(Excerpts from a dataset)
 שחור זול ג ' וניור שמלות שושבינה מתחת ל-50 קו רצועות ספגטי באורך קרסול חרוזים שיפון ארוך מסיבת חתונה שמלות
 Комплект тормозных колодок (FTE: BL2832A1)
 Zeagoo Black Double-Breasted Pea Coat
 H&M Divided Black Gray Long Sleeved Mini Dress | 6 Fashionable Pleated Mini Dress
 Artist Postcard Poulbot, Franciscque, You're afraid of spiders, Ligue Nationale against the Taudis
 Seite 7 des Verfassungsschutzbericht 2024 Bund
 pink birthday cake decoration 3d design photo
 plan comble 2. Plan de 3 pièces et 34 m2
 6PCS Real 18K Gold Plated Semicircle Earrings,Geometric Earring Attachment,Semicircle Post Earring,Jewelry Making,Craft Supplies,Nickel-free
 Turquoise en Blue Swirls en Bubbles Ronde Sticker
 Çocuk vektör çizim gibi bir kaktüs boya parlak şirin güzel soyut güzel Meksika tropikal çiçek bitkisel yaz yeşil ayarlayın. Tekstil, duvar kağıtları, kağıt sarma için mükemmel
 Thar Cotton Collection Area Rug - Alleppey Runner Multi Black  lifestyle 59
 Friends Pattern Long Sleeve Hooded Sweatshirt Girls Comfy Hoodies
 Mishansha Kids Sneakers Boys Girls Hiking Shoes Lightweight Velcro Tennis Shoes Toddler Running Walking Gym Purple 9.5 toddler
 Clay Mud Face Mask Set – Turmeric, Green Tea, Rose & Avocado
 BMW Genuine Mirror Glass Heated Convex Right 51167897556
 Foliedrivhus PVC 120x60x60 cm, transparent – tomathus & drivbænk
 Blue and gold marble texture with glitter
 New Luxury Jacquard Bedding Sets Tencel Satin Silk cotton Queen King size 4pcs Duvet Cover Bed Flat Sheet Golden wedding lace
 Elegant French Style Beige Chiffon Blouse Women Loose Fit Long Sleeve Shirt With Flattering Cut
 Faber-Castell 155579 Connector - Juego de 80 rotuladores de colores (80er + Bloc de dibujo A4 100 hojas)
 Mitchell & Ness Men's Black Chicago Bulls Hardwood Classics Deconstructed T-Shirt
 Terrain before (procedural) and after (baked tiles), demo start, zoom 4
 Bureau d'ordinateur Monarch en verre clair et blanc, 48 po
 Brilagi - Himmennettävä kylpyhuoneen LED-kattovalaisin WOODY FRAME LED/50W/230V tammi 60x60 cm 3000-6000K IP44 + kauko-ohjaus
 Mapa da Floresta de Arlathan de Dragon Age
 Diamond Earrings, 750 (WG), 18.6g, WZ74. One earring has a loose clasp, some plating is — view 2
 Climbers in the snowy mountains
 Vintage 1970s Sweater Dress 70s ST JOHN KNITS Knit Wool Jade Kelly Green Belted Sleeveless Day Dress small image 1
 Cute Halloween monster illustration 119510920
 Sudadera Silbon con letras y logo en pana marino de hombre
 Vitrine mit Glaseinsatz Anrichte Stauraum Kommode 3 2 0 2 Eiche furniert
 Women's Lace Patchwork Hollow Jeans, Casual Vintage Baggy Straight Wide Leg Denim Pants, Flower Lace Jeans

*Your objective:*
Each line above that contains "Women" must be copied out.

*Output of the task:*
 Elegant French Style Beige Chiffon Blouse Women Loose Fit Long Sleeve Shirt With Flattering Cut
 Women's Lace Patchwork Hollow Jeans, Casual Vintage Baggy Straight Wide Leg Denim Pants, Flower Lace Jeans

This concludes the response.